# AutoMM Detection - Quick Start with Foundation Model on Open Vocabulary Detection (OVD)

[![Open In Colab](https://colab.research.google.com/assets/colab-badge.svg)](https://colab.research.google.com/github/autogluon/autogluon/blob/master/docs/tutorials/multimodal/object_detection/quick_start/quick_start_ovd.ipynb)
[![Open In SageMaker Studio Lab](https://studiolab.sagemaker.aws/studiolab.svg)](https://studiolab.sagemaker.aws/import/github/autogluon/autogluon/blob/master/docs/tutorials/multimodal/object_detection/quick_start/quick_start_ovd.ipynb)


In this section, our goal is to use a foundation model in object detection to detect novel classes defined by an unbounded (open) vocabulary.

## Setting up the imports
To start, let's import MultiModalPredictor:

In [1]:
!pip install autogluon.multimodal




In [2]:
from autogluon.multimodal import MultiModalPredictor

And also import some other packages that will be used in this tutorial:

In [3]:
import os
import time

## Prepare sample image
Let's use an image in Cityscape dataset to demo:

In [4]:
from IPython.display import Image, display
from autogluon.multimodal import download

url = "https://datasets-server.huggingface.co/assets/Chris1/cityscapes/--/Chris1--cityscapes/train/1/image/image.jpg"
cityscape_image = download(url)

pil_img = Image(filename=cityscape_image)
display(pil_img)

<IPython.core.display.Image object>

## Creating the MultiModalPredictor
We select the `"best_quality"` presets, which uses a SwinB as backbone.
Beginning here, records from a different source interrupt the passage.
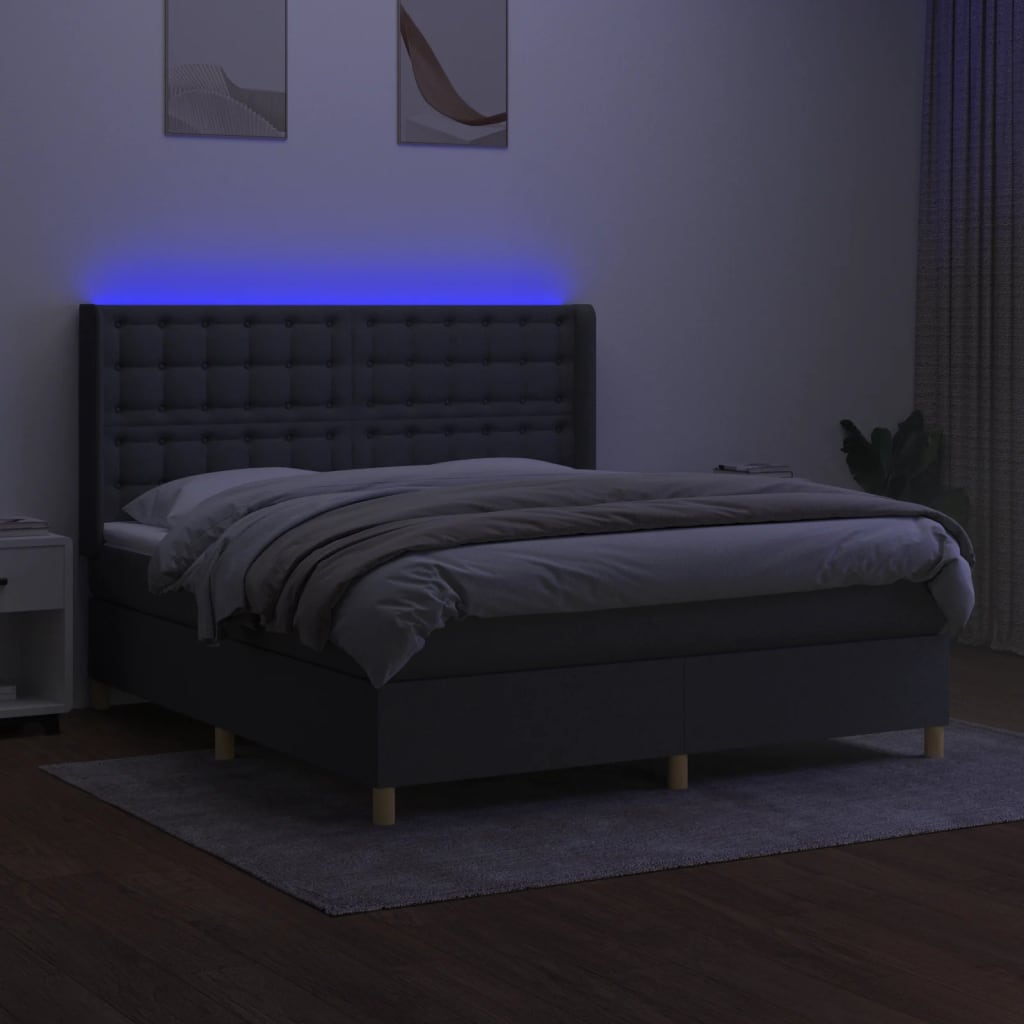 vidaXL Letto a Molle Materasso e LED Grigio Scuro 180x200cm in Tessuto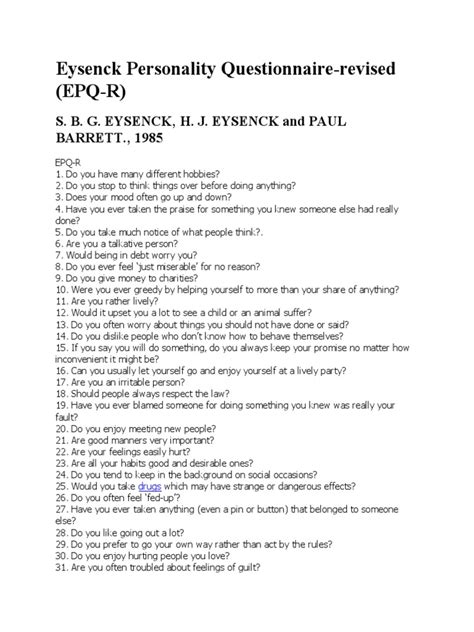 Eysenck Personality Questionnaire Revised Epq R Pdf Extraversion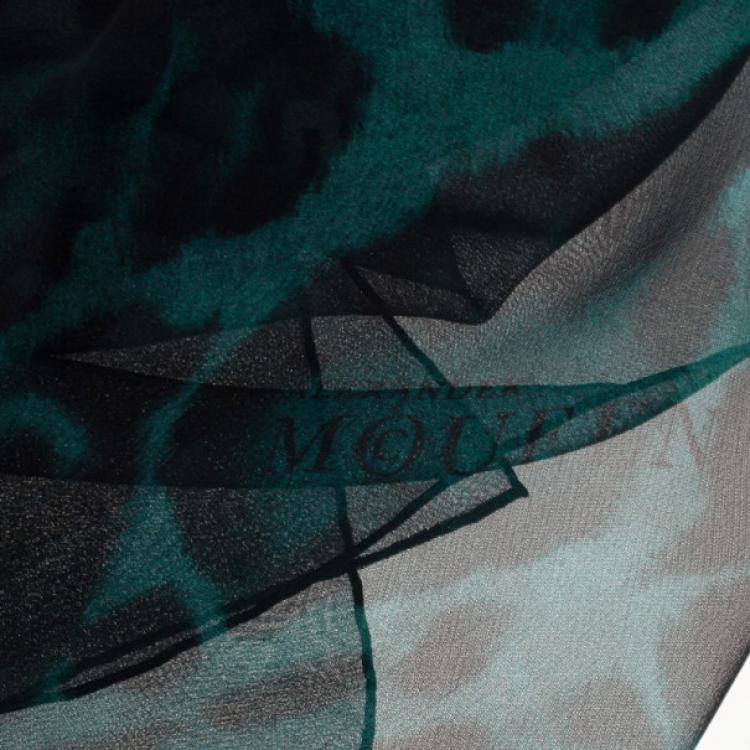 Pre Owned Alexander McQueen Green Chiffon Animalier Skull Square Scarf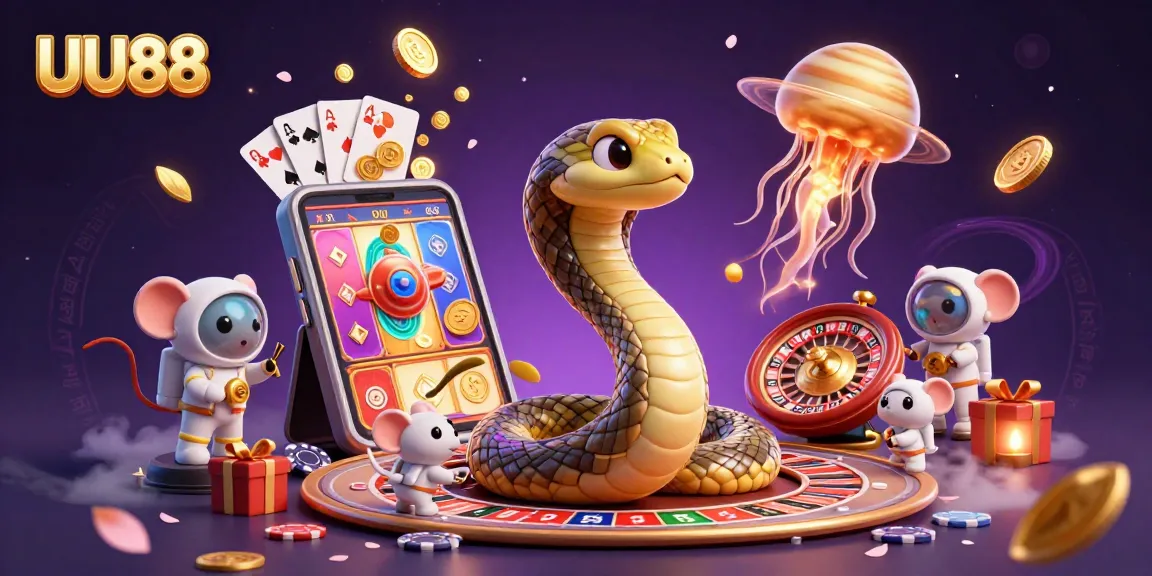 Experience exciting gameplay with UU88 in this vibrant casino-themed 3D digital illustration.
This preset gives us higher accuracy for detection. 
We also provide presets `"high_quality"` and `"medium_quality"`, faster but also with lower performance.

In [5]:
presets = "best_quality"

We create the MultiModalPredictor with selected presets.
We need to specify the problem_type to `"open_vocabulary_object_detection"`.

In [6]:
# Init predictor
predictor = MultiModalPredictor(problem_type="open_vocabulary_object_detection")
predictor.set_num_gpus(1)

  return _VF.meshgrid(tensors, **kwargs)  # type: ignore[attr-defined]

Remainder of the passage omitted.